▸ **SOURCE DATA**:
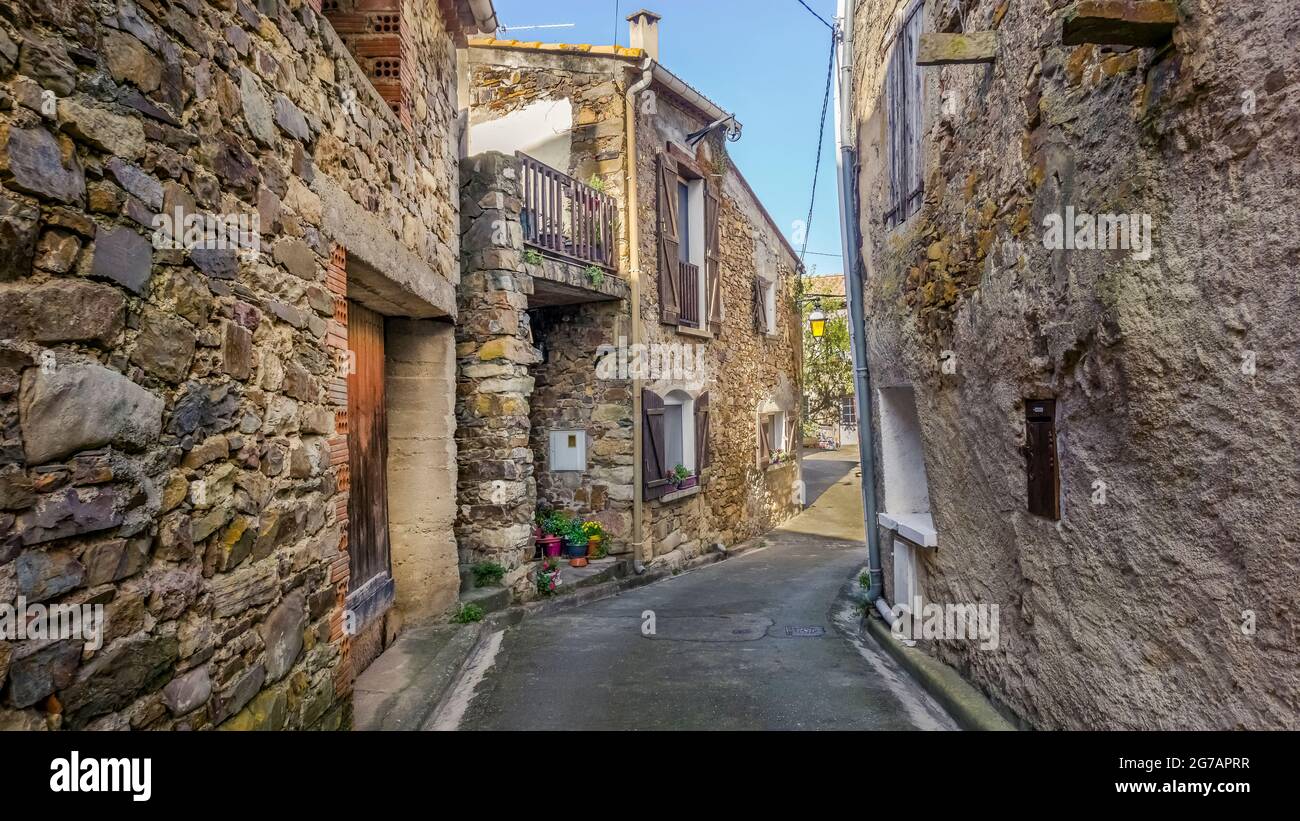 Dorfgasse in Lugné im Frühjahr. Stockfoto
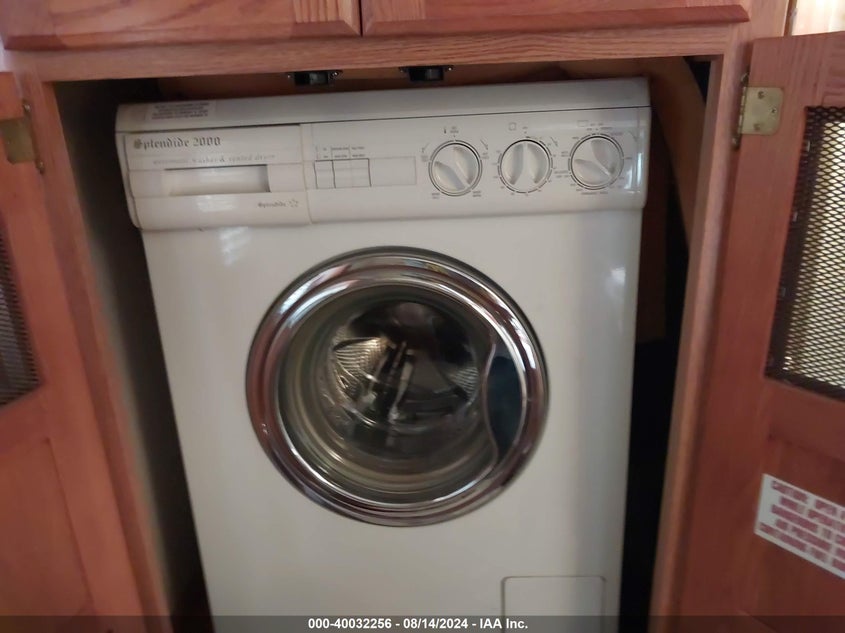 2002 Monaco Diplomat 40Dst VIN: 1RF22464722020279 Lot: 40032256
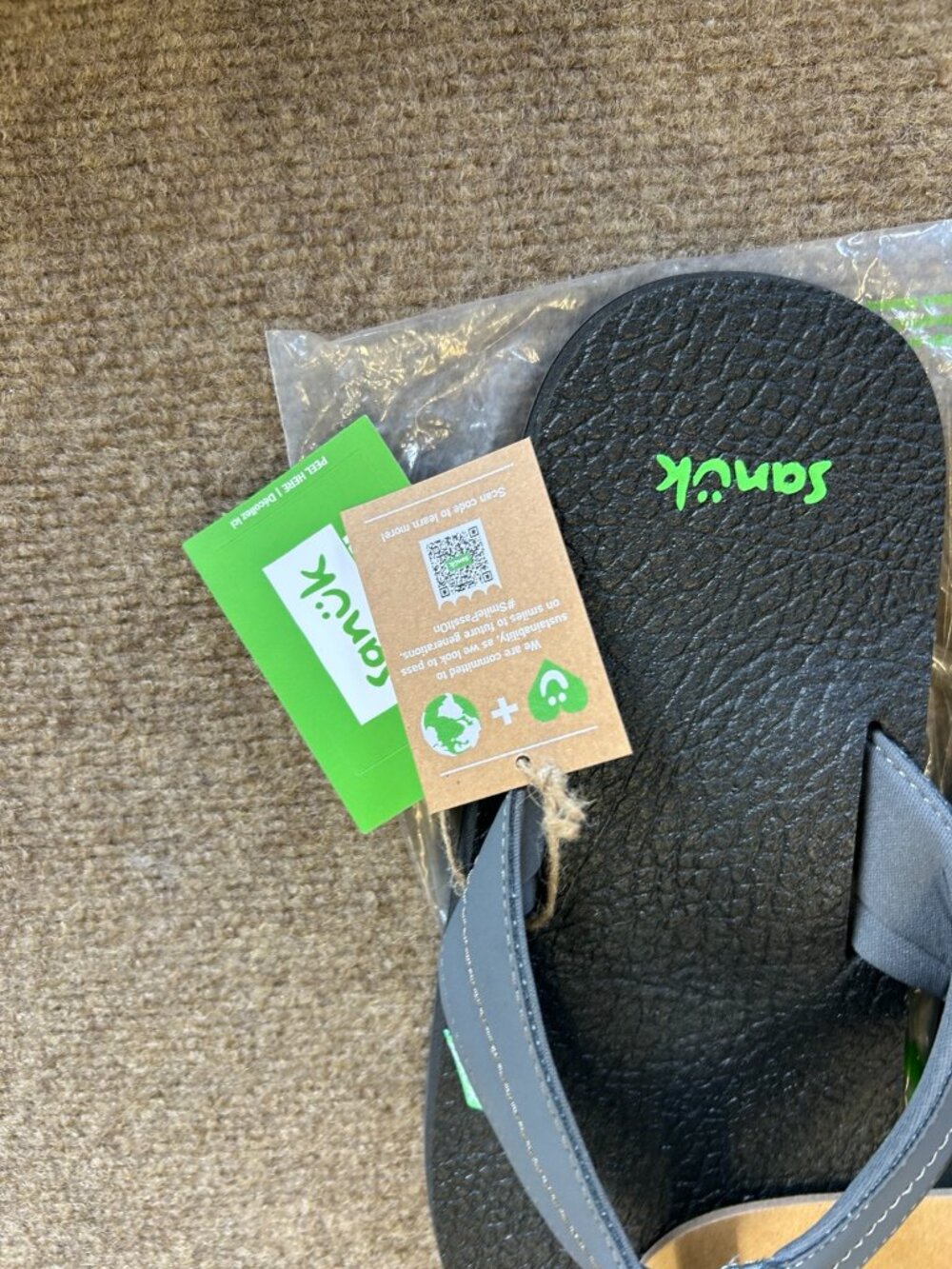 Sanuk Beer Cozy 2 Men’s Flip Flops Size 11 Charcoal Gray NEW with Tags - Picture 8 of 9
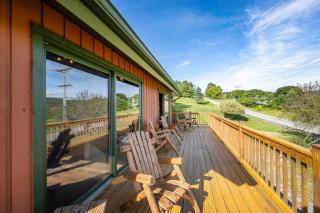 Family-Friendly Cabin with Heated Pool & Sauna - 8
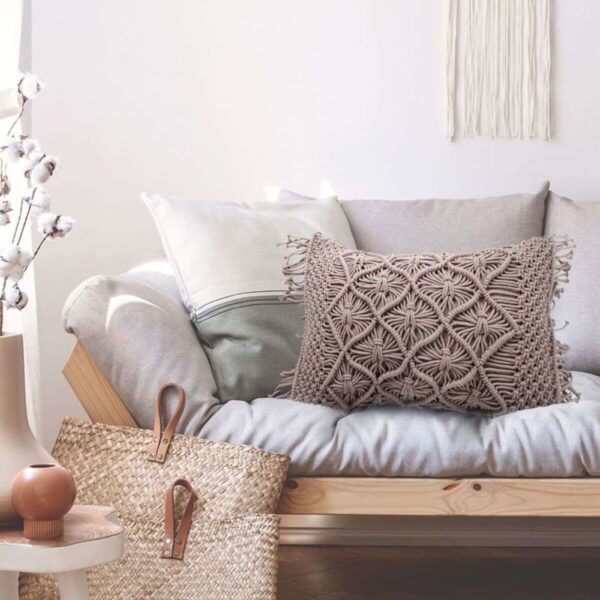 Coussin macramé The Deco Factory violet clair en coton tressé rectangulaire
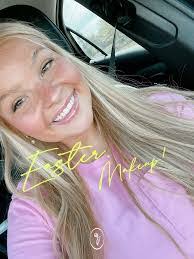 Katie Poole's Instagram, Twitter & Facebook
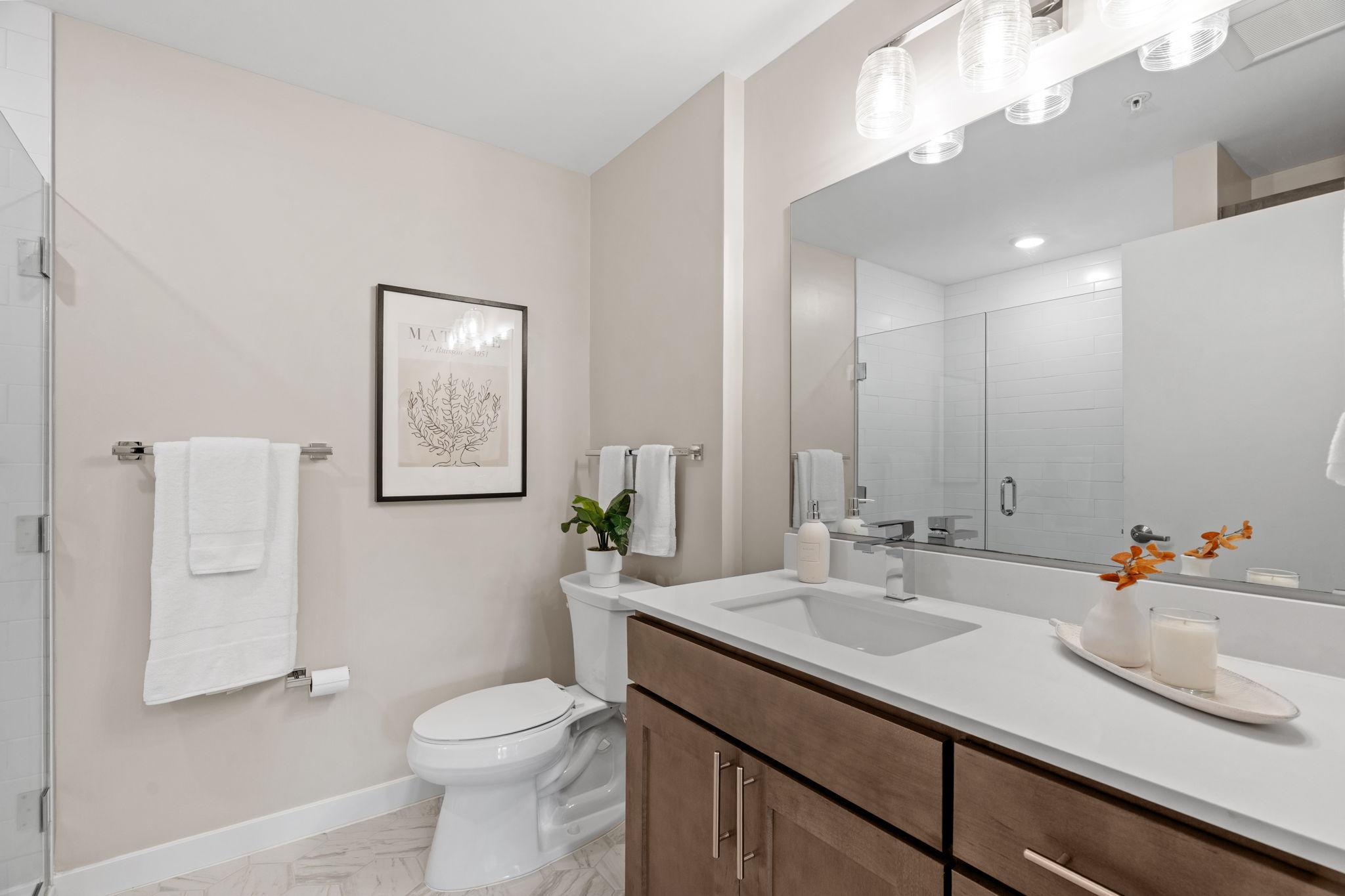 4745 Minnehaha Avenue 205 Property Photo 27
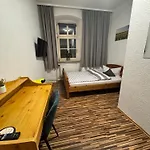 Braeustuebl Und Haus Boutique Szálloda Selb
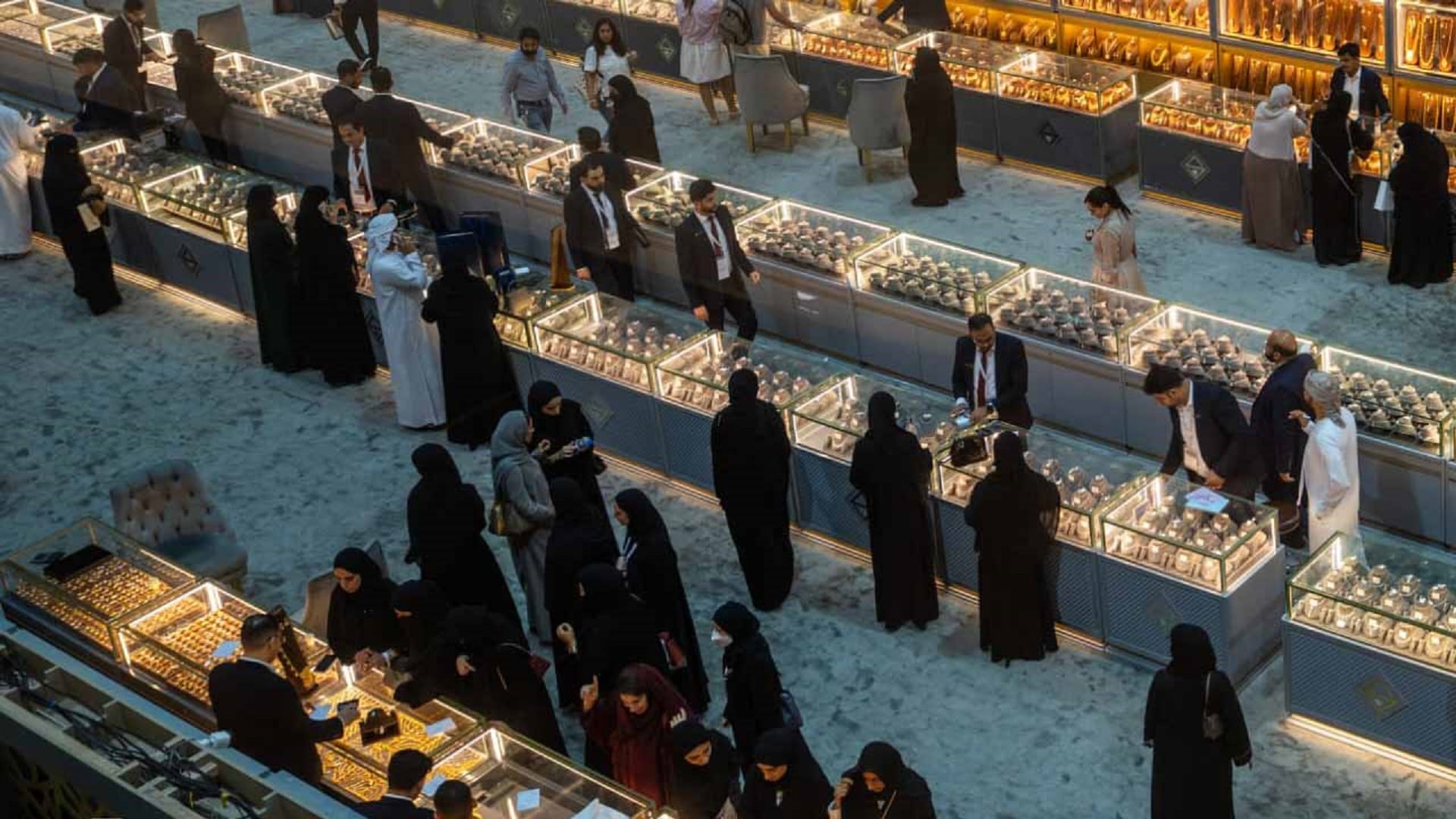 معرض الشرق الأوسط للساعات والمجوهرات يشهد مشاركة خليجية متميزة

▸ **PROBLEM STATEMENT**:
From the first line of the entries above down to the line holding "Family-Friendly Cabin with", quote each line exactly and nothing else, skipping pictures.

▸ **PROBLEM SOLUTION**:
 Dorfgasse in Lugné im Frühjahr. Stockfoto
 2002 Monaco Diplomat 40Dst VIN: 1RF22464722020279 Lot: 40032256
 Sanuk Beer Cozy 2 Men’s Flip Flops Size 11 Charcoal Gray NEW with Tags - Picture 8 of 9
 Family-Friendly Cabin with Heated Pool & Sauna - 8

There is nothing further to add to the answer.